Yes. The question might be rephrased as “Does spaces indentation prohibit visually-impaired coding?”
Yes, as I think through this situation, several factors come to mind:
- spaced indentation can be detected programmatically by an editor.
- as a sequence of spaces starting at column 0, for example.
- other consecutive spaces are usually before comments.
- other instances of consecutive spaces are rare (or is this not the case?)
print(index) #TEMPORARY DEBUG CODE
- An editor can detect indentation and morph it into something more visually accessible.
- Example: In the case where a very large type size is used, the four spaces can be converted to a single Unicode 160 (a ‘space’ character) and converted back to four spaces at Save.
- Since a mix is not desirable, the questions becomes “Which to use if we have ONLY ONE indent type?”
- spaces are the elemental option, and are therefore the most flexible. Consider: We can make tabs from spaces but can’t make spaces from tabs. The K.I.S.S. principle applies.

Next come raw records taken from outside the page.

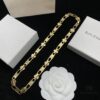Balenciaga New Collection Set
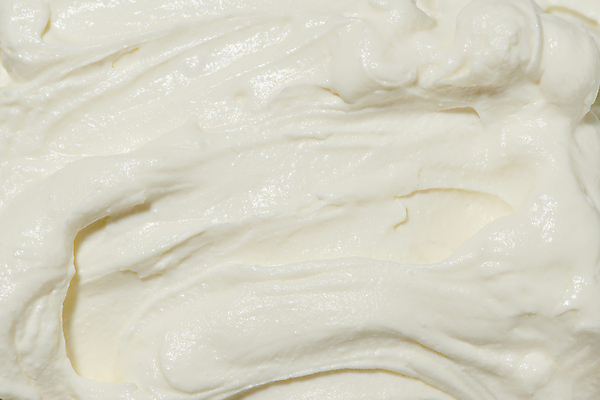 포토 JPG 스튜디오촬영 백그라운드 사람없음 흰색 질감 크림치즈 국내포토 컬러 치즈 실내 파일형식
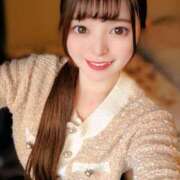 ヒメ日記 2025/12/14 17:16 投稿 ここあ それいけ！ヤリスギ学園～舐めたくてグループ横浜校～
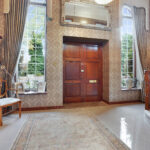 EntranceHall3.jpg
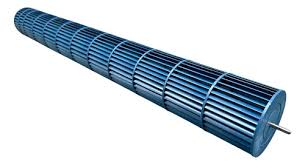 TURBINA A/A SPLIT 67,5 cm X 9 cm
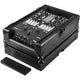 Odyssey FZS7S11R72BL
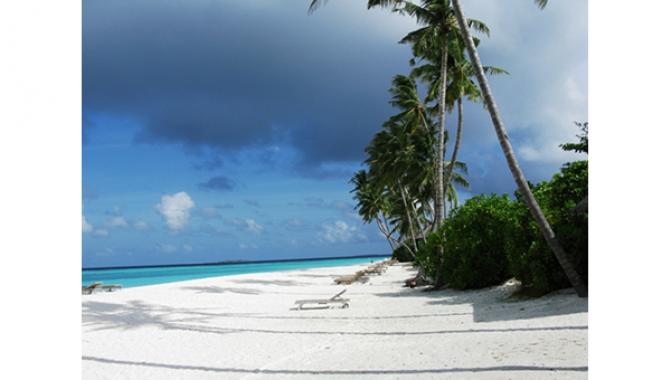 Туристическое агентство "Эстет-тур" - фото (1460-7955)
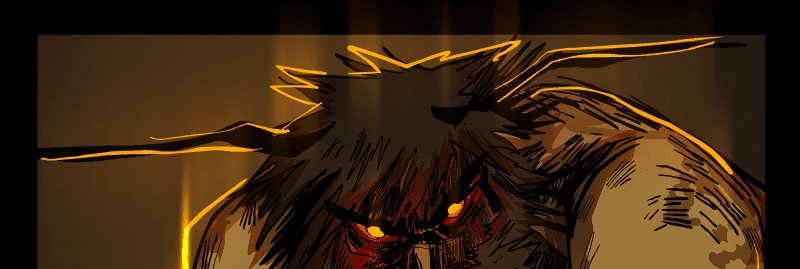Room of Swords Chapter 146 page 112 - Chapter 146: (S2) Ep. 146 (fixed)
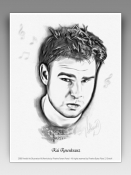588_piranha-bytes- portraitart-by ArthusoKD-pbteam_krosenkranz2.jpg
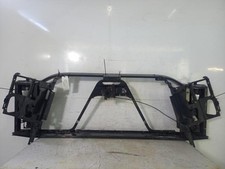 Armature masque chevrolet d'occasion  Génissac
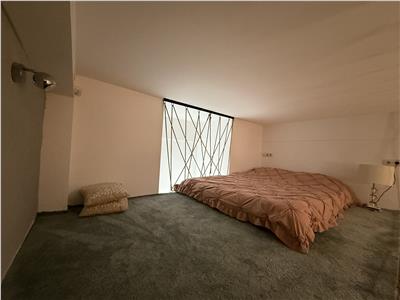 Casa de vanzare cu sup 308 mp, 254 mp teren, in 7 Noiembrie str. Pacii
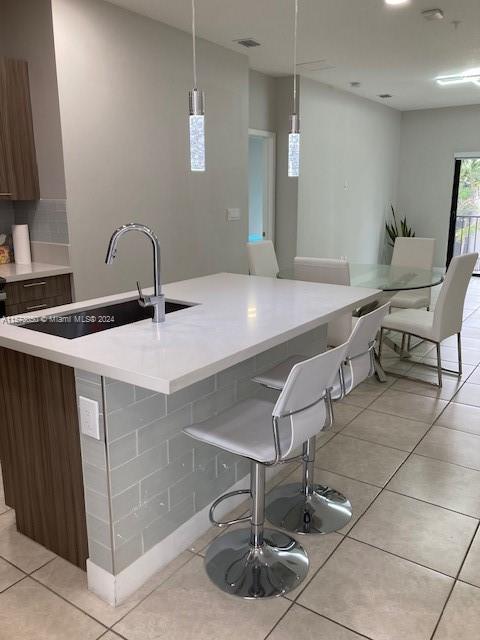 URBANA DOWNTOWN DORAL - Residential Lease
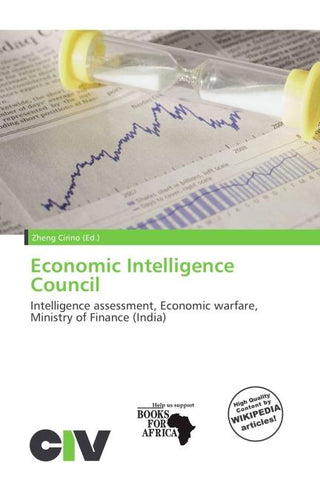 Economic Intelligence Council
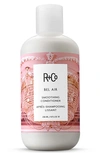 R + Co 8.5 Oz. Bel Air Smoothing Conditioner + Anti-oxidant Complex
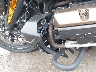 JH2SC7955PK****** Reparables 2023 Honda Gold Wing Tour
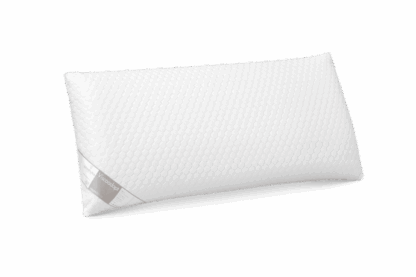 Almohada Viscoadapt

Rephrasing the statement above: “This discussion has taken place fully and, as far as we can tell, the reasoning hasn’t changed. If there’s something new to bring to the discussion, then we can re-open this discussion. Otherwise this is a resolved question.”

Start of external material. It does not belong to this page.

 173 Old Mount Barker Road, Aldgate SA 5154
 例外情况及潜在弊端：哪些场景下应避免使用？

The bullet points above show that tabs are not the only solution, and are not a universal solution.
(This thread doesn’t belong in the PEPs category)
It might be associated with the PEPs category if the reasoning and conclusions about spaced indentation has not been documented yet; in that case, maybe a PEP should be drafted. HOWEVER, the path to PEP is to start a discussion in Ideas or (better) what used to be Users. [@staff, are we going to create the Discussion category now that we’ve made the two category name changes?] I recommend that this be moved to Discussion if/when the category becomes available.
[EDIT: ] From the cybre.space quote:
Even between blind people there’s [disagreement] about this. The advantage of a tab is that it can be represented by a single character (a ctrl-i) on the display, so it only eats up one cell.
The disadvantage is that any sort of alignment (for example putting the params at the same column as the (from a function) becomes impossible to tell, whereas we can with spaces.
[EDIT: ] Another quote from the cybre.space discussion:
the most important thing is consistency.
My conclusion: This is more of an a11y industry situation than anything else. Hardware can be made more configurable/intelligent and extensions can be created for editors. On the other hand, any changes at the language level are clearly only going to affect a fraction of the overall situation and may make other areas worse, such as braille readers that are expecting spaced indentation. In the case of standards, one has to consider how much established work will be broken by a change. We can do our part better by being consistent and avoiding breaking changes, as the writer of the original Reddit post realized.